Here's how to get the example program and dependencies on Cheyenne.
- Load the minimum recommended set of environment modules. See Prerequisites above.
- Create a clean directory on Cheyenne, such as /glade/scratch/username/mkl_dgemm, for example.
- Change to that directory with the cd command, then run these commands.
cp $MKLROOT/examples/examples_core_f.tgz . gunzip examples_core_f.tgz; tar xvf examples_core_f.tar cd blas make libintel64 function=dgemm cd _results/intel_lp64_parallel_intel_iomp5_intel64_lib/ cat dgemmx.res
Expected numerical output (last four lines):
OUTPUT DATA ARRAY C 8.950 8.950 7.750 7.750 7.750 19.110 19.110 17.910 17.910 17.910
Example 3: Using MKL with the MPI parallel programming model
This example uses MKL's implementation of Scalapack routines to perform QR factorization of a general matrix, and an MKL makefile to build a binary executable file.
Here's how to get the example program and dependencies on Cheyenne:
- Load the minimum recommended set of environment modules.
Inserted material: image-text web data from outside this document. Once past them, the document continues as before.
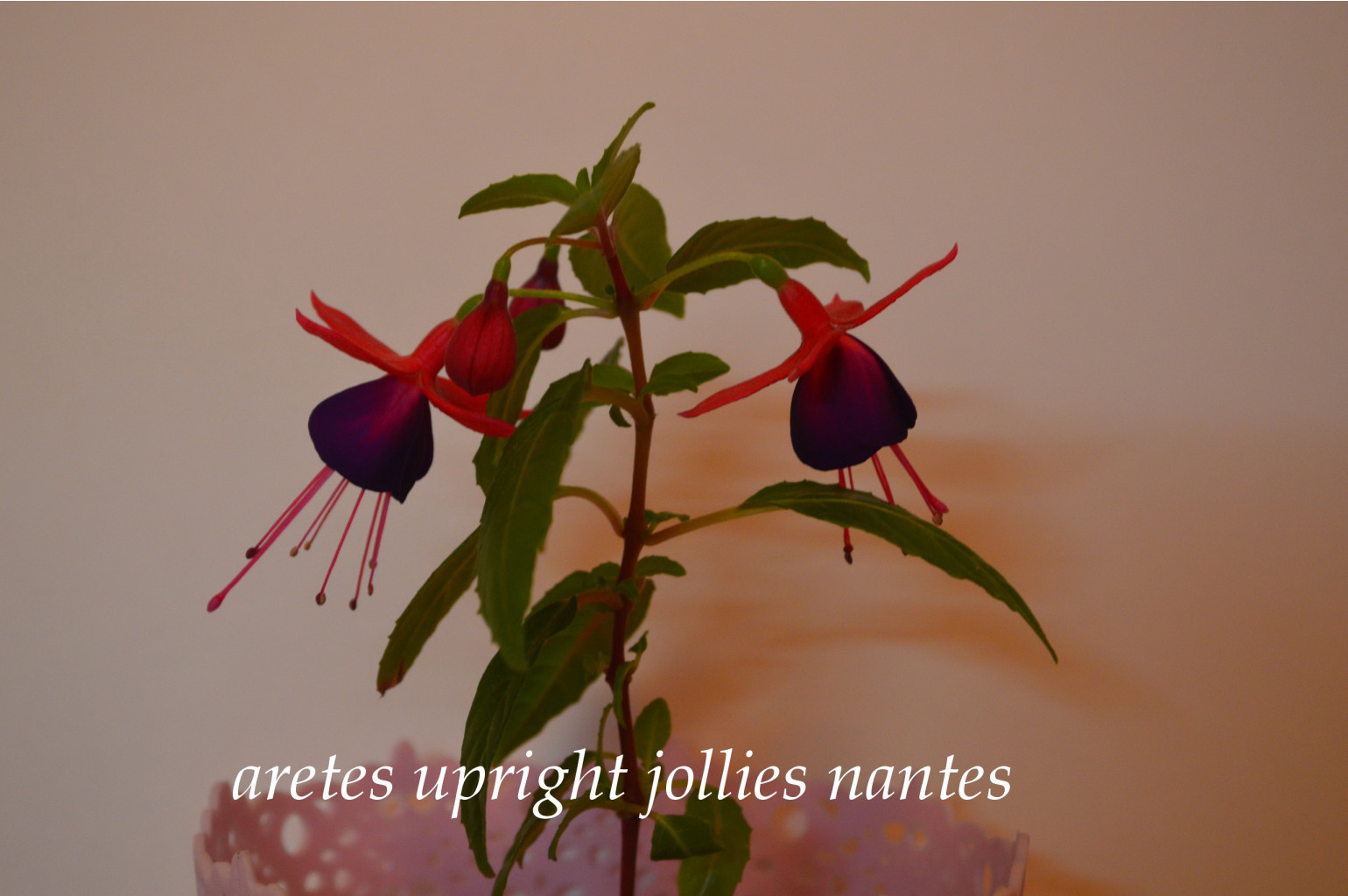 Aretes upright jollies nantes.jpg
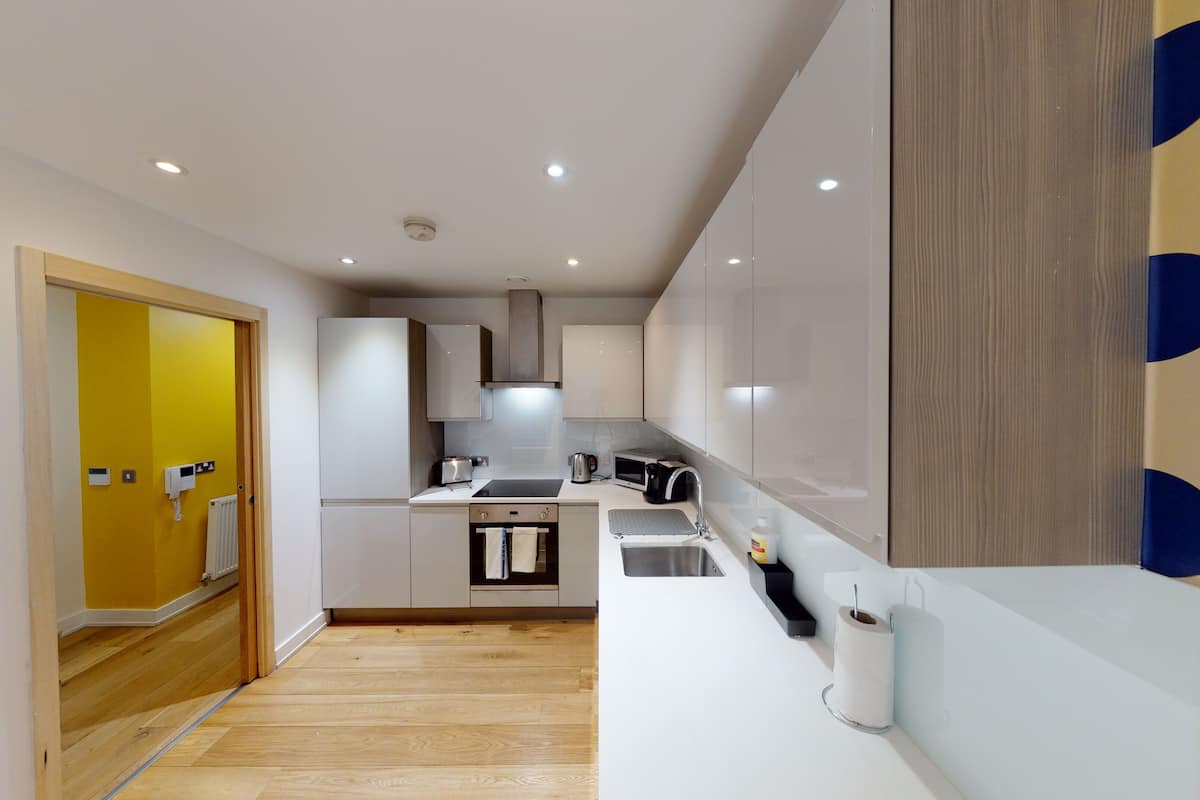 basic apartment, 2 bedrooms, accessible (3new) | private kitchen | full-sized fridge, microwave, oven, stovetop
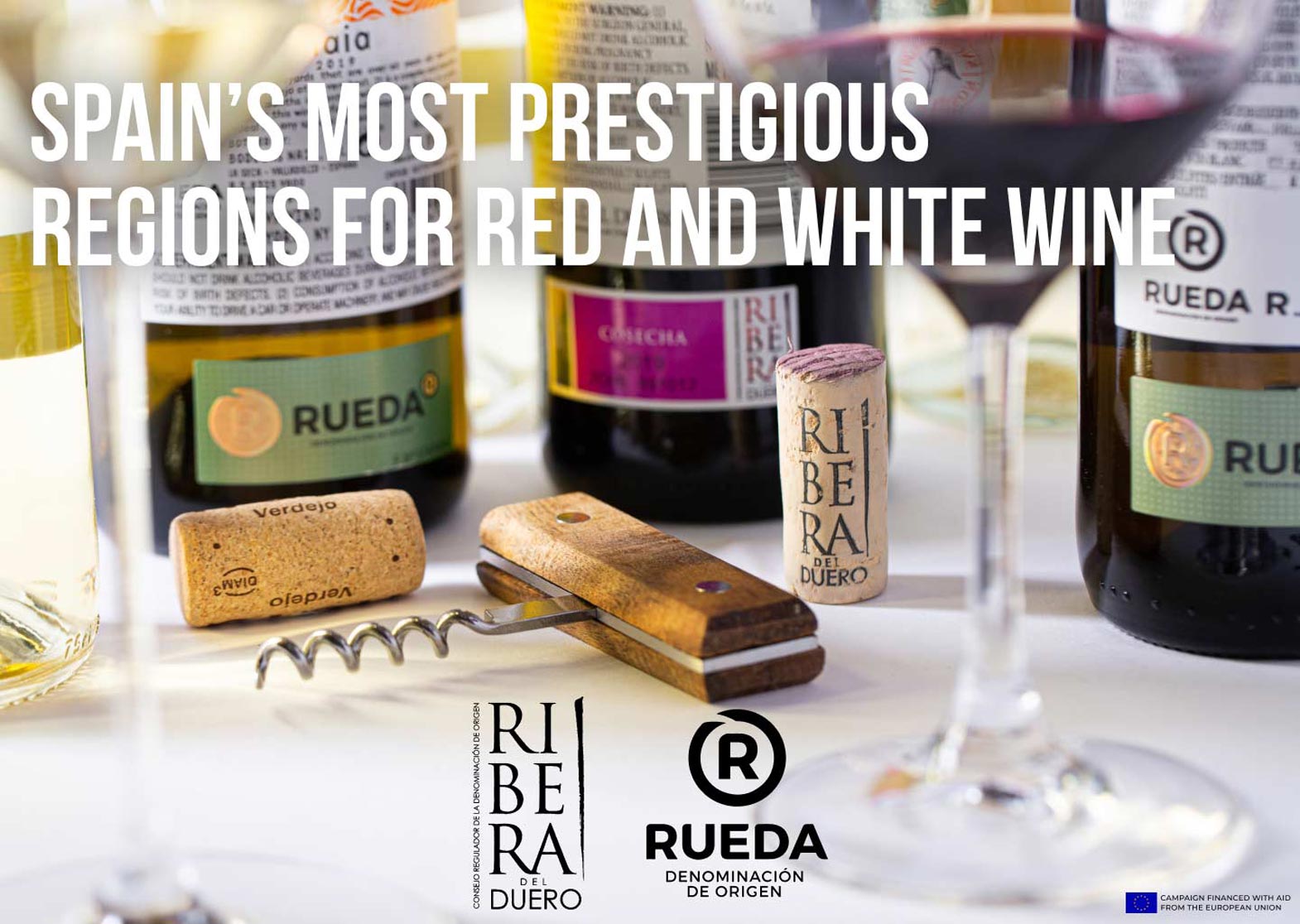 Spain's Most Prestigious Regions for Red and White Wines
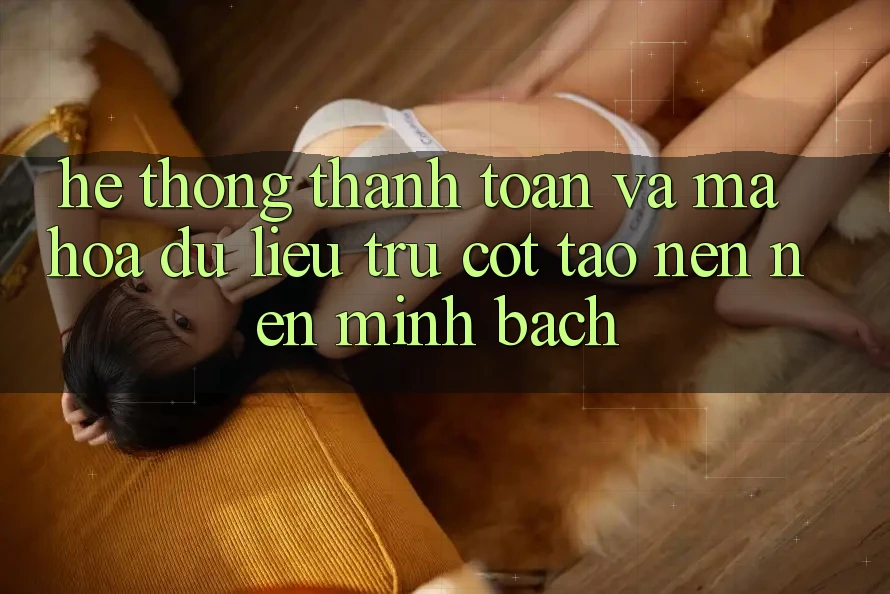 Hệ Thống Thanh toán Và Mã hóa dữ liệu: Trụ Cột Tạo nên nên Minh bạch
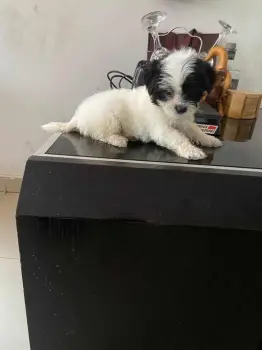 Maltipoo ambos sexos  en santo domingo este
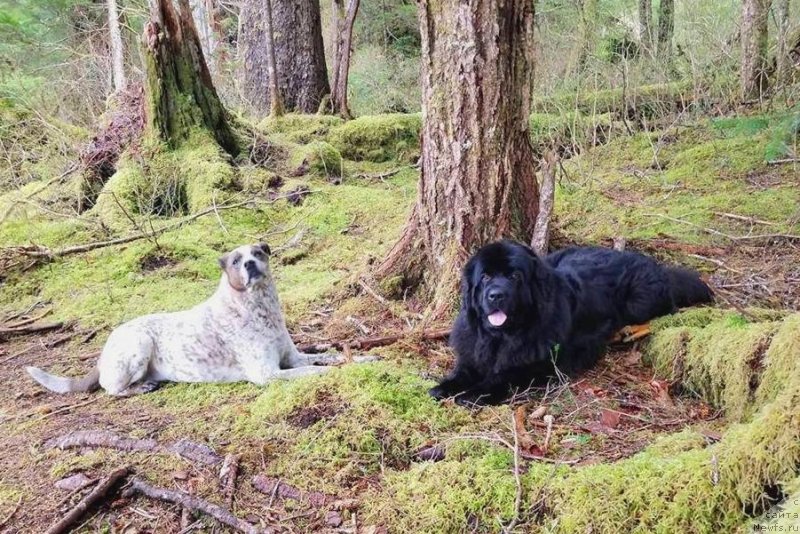 Фото: ньюфаундленд Chernaya Mafia Аngel Among Us (Черная Мафия Ангел Амонг Ус)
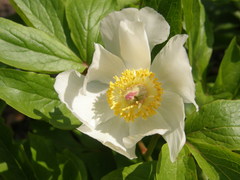 Paeonia emodi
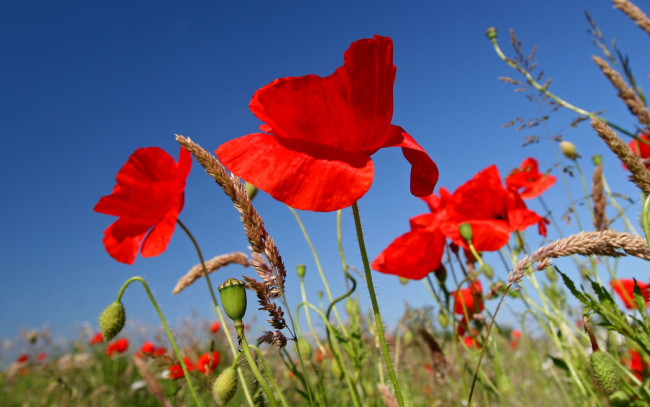 Обои картинки фото цветы, маки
See Prerequisites above.
- Create a clean directory, such as /glade/scratch/$USER/mkl_examples.
- Change to that directory with the cd command, then run the following commands.
cp $MKLROOT/examples/examples_cluster_f.tgz . gunzip examples_cluster_f.tgz; tar xvf examples_cluster_f.tar cd scalapackf make libintel64 example=pcgetrfx mpi=custom
The make command in this example will fail to run the executable. You can run it yourself from a PBS interactive job or by submitting a batch script (example below) within your scalapackf directory.
#!/bin/tcsh #PBS -N mkl_example #PBS -A project_code #PBS -l walltime=00:10:00 #PBS -q regular #PBS -j oe #PBS -k eod #PBS -l select=1:ncpus=36:mpiprocs=36 #PBS -m abe #PBS -M email_address setenv TMPDIR /glade/scratch/$USER/temp mkdir -p $TMPDIR ### Load modules; Intel assumed + MKL module load mkl module li ### Run the executable mpiexec_mpt _results/intel_custom_lp64_intel64_lib_parallel/pcgetrfx.exe in/pcgetrfx.in output.$PBS_JOBID ### End job
Finally, check the results of the run. If your test is successful, your job's output file will include a 10-column table that includes a PASSED column. Each entry should be a "1" in that column.